Within expectation. Its FY23 core net profit met our forecast but beat the consensus estimate by 9%.
Results’ highlights. YoY, its FY23 revenue increased 13% mainly attributed to the significant work progression for EPCC jobs especially from LSS projects. However, its core net profit was flattish, weighed down by lower margins from LSS projects.
Outlook. We foresee >90% of the upcoming RE capacity (>31GW) in Malaysia to come from solar power (28GW) as it currently dominates the country’s RE sector. This projection is supported by the National Energy Transition Roadmap (NETR) as announced by the government recently which sets an ambitious target of RE to make up 31% of total power generation capacity by 2025, and 70% by 2050.
Also, businesses, driven by commercial reasons (i.e. to save cost) and ESG considerations, have voluntarily invested in solar energy generation assets following the recent hikes in electricity tariffs and as solar panel prices ease. This translates to new order books for solar EPCC contractors including SAMAIDEN.
Over the immediate term, it is poised to garner a slice of the action of an estimated RM2.4b EPCC jobs under the Corporate Green Power Programme (CGPP). Currently, its outstanding order book stands at RM373m (vs. RM246m three month ago) which will keep it busy for the next three years. Over the longer term, SAMAIDEN also aspires to become an owner of RE assets, in addition to being an EPCC contractor.
Forecasts. We maintain our FY24F earnings and introduce our FY25F numbers.
However, we raise our TP by 35% to RM1.67 (from RM1.24) as we adjust our valuation basis to 30x FY25F PER (from 25x FY24F PER previously) as we: (i) roll forward our valuation base year, and (ii) reflect the updated average historical forward PER of is peers, i.e. SVLEST and SUNVIEW (which rises to 30x from 25x). Our TP also reflects an unchanged 5% premium given its 4-star ESG rating as appraised by us (see page 4).

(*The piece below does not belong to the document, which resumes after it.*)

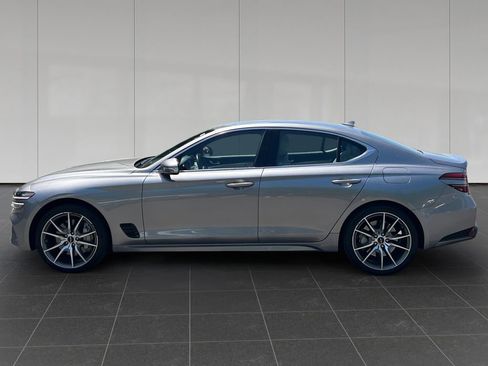 Used 2024 Genesis G70 2.5T AWD/4WD image 2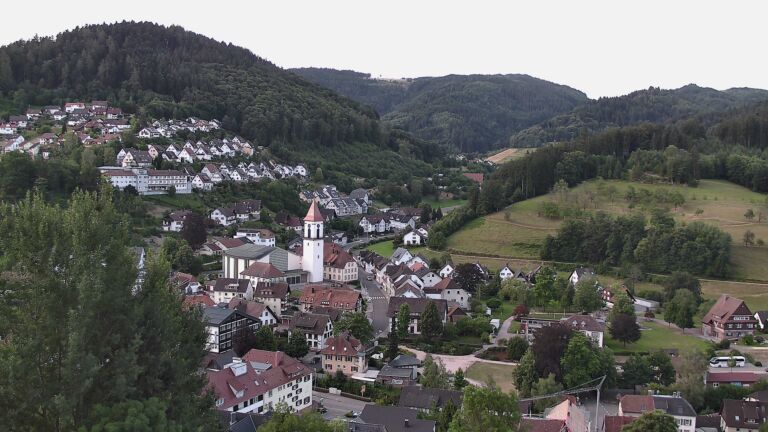 Dieses Bild zeigt eine Webcam-Aufnahme von Ottenhöfen, aufgenommen am Mittwoch, den 08.07.2026 um 07:00 Uhr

We continue to like SAMAIDEN for: (i) the bright outlook of the RE market in Malaysia; (ii) its strong market position, being the second largest solar EPCC contractor locally, (iii) its ability to provide end-toend services, including financing, (iv) its strong execution track record and (v) its strong earnings visibility backed by a sizeable outstanding order book. Maintain OUTPERFORM.
Risks to our call include: (i) the government dials back on its RE policy, (ii) project cost overrun and liabilities arising from liquidated ascertained damages (LAD), and (iii) escalating cost of inputs, particularly, solar panel and labour.